→ PROBLEM TO SOLVE:
Word for word, reproduce all entries below, leaving every picture out.
Segment Open
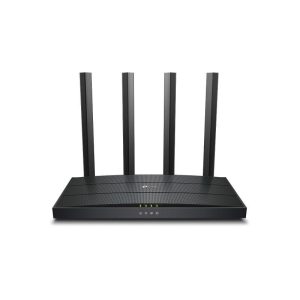 Wireless Router TP-Link Archer AX12 WiFi 6 AX1500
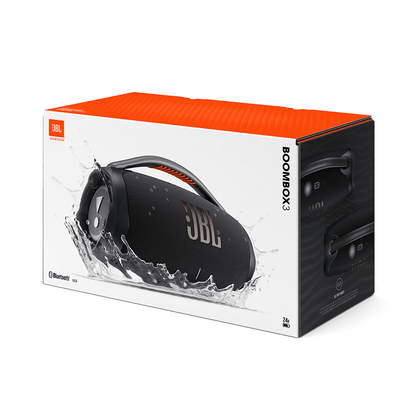 Parlante JBL B00MB0X 3 | BLACK FRIDAY🔥 - replicas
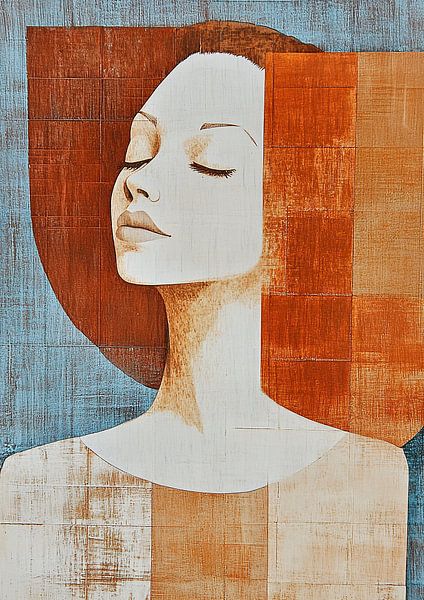 Urban Silence Palette by Wonderful Art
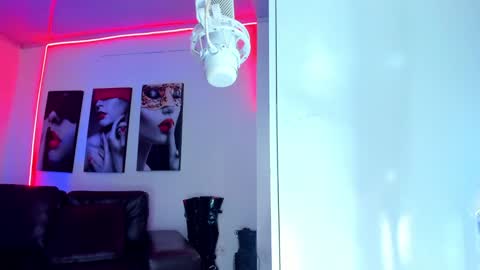 CAMILA online show from 01/24/25, 04:49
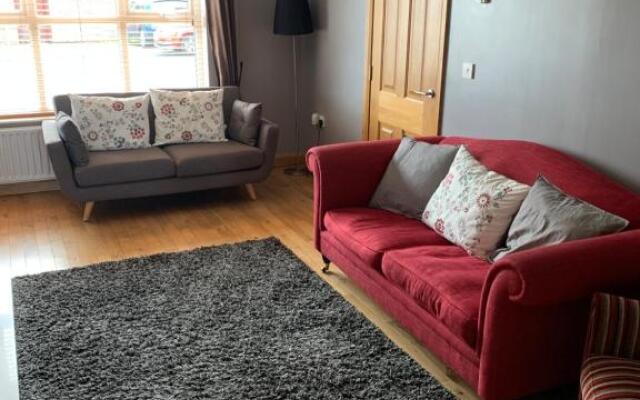 Portstewart - holiday let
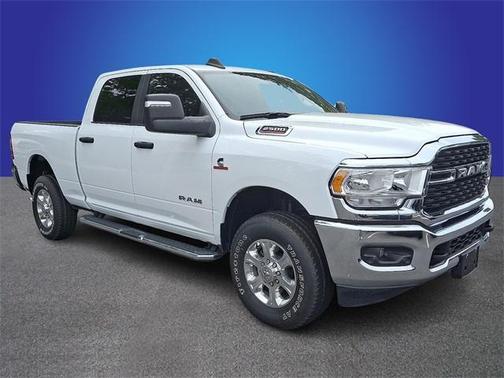 2023 RAM 2500 Big Horn
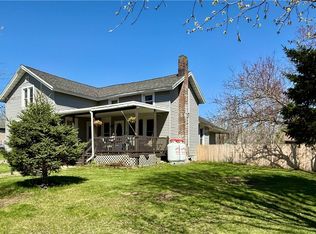 112 Mechanic St, Antwerp, NY 13608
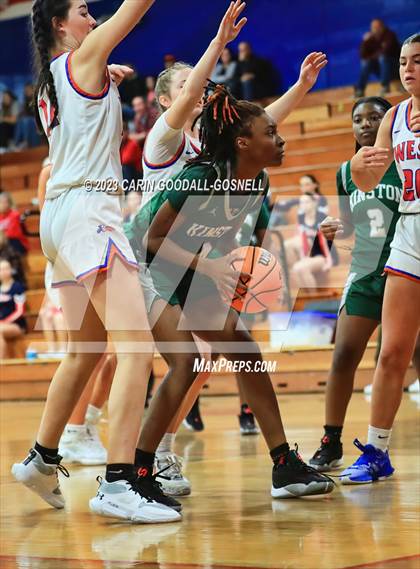 Thumbnail 2 in Kinston @ West Carteret photogallery.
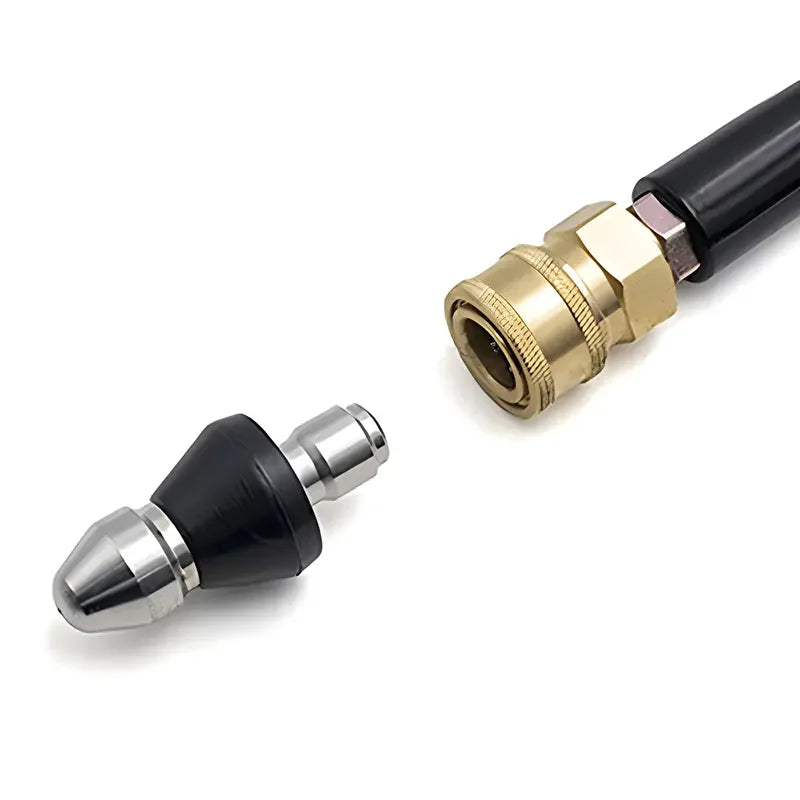 Sewer Cleaning Tool High-pressure Nozzle(50% OFF)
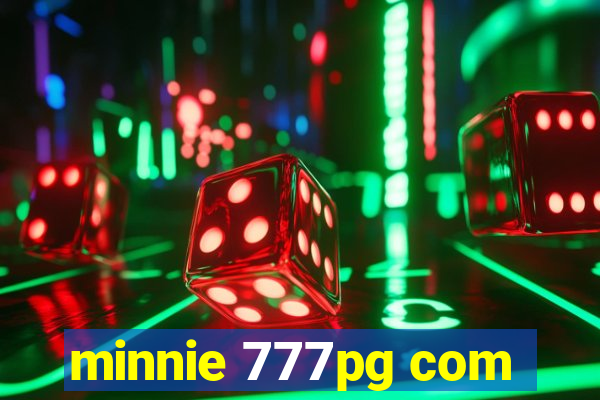 minnie 777pg com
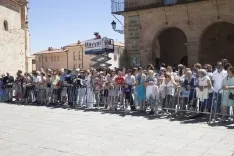 Lunes de Bailas 2017 / María Ferrer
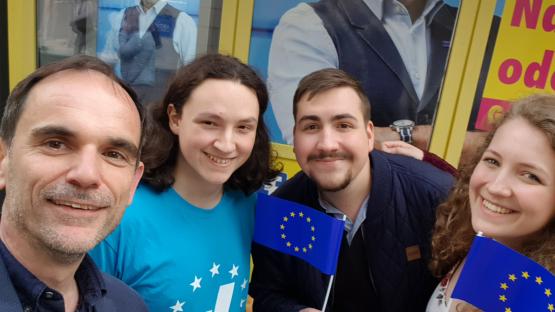 Ihre Kandidaten aus dem Norden für den Kölner Stadtrat 2020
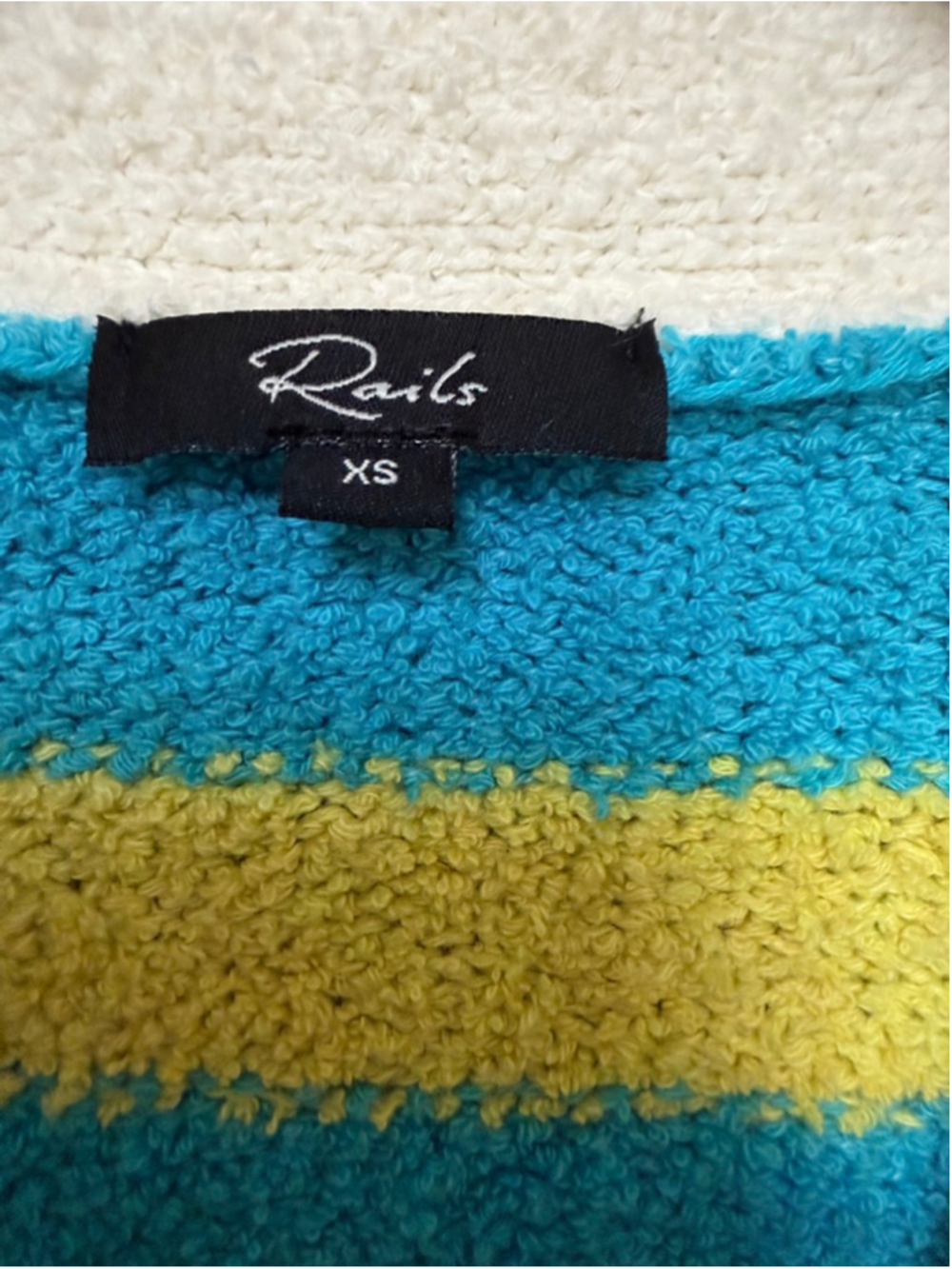 Rails Geneva Cardigan - Picture 4 of 7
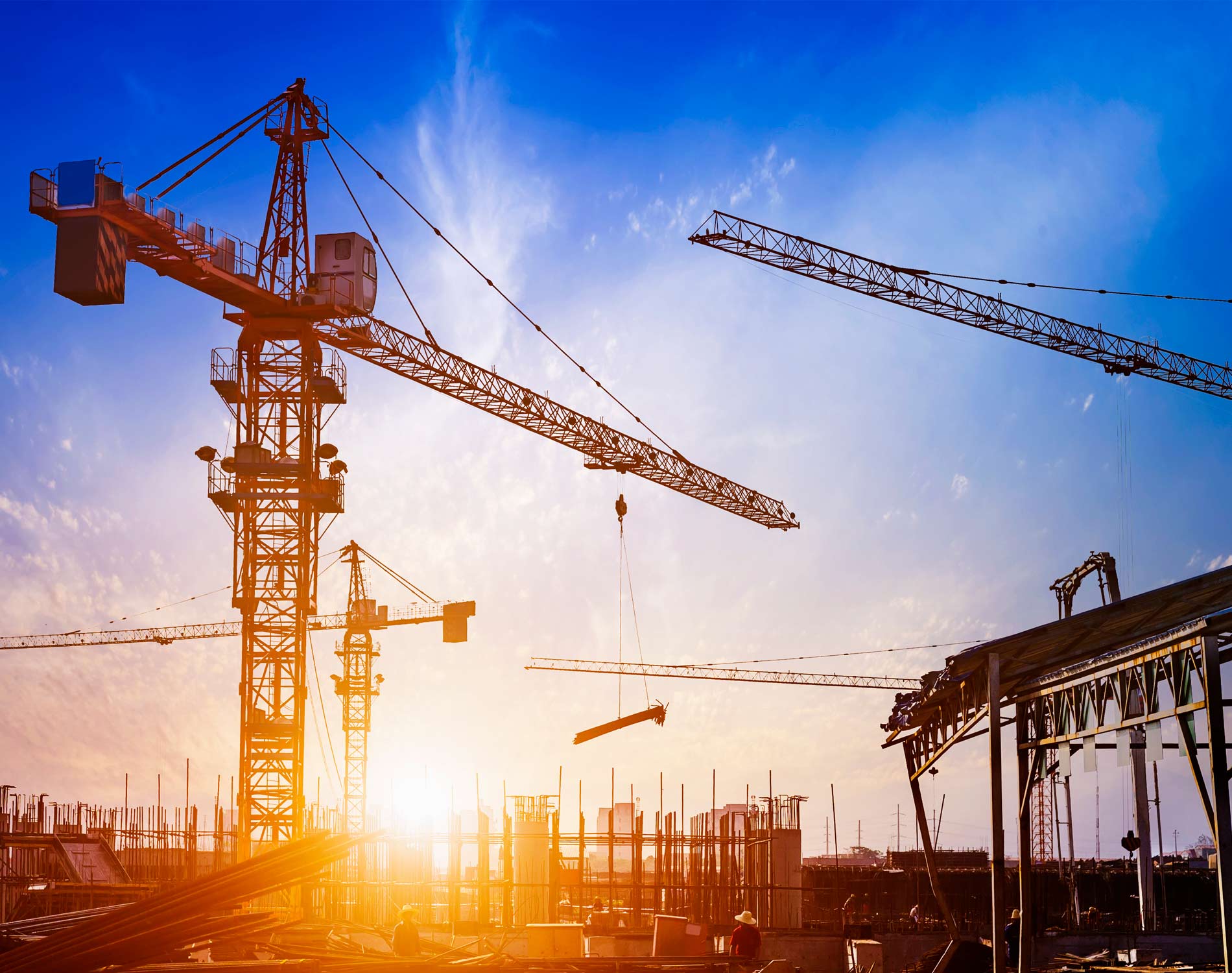 Dentons Ontario Second State Of Emergency Impact For The Construction Industry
Segment Closed
→ RESPONSE FOR THIS EXERCISE:
 Wireless Router TP-Link Archer AX12 WiFi 6 AX1500
 Parlante JBL B00MB0X 3 | BLACK FRIDAY🔥 - replicas
 Urban Silence Palette by Wonderful Art
 CAMILA online show from 01/24/25, 04:49
 Portstewart - holiday let
 2023 RAM 2500 Big Horn
 112 Mechanic St, Antwerp, NY 13608
 Thumbnail 2 in Kinston @ West Carteret photogallery.
 Sewer Cleaning Tool High-pressure Nozzle(50% OFF)
 minnie 777pg com
 Lunes de Bailas 2017 / María Ferrer
 Ihre Kandidaten aus dem Norden für den Kölner Stadtrat 2020
 Rails Geneva Cardigan - Picture 4 of 7
 Dentons Ontario Second State Of Emergency Impact For The Construction Industry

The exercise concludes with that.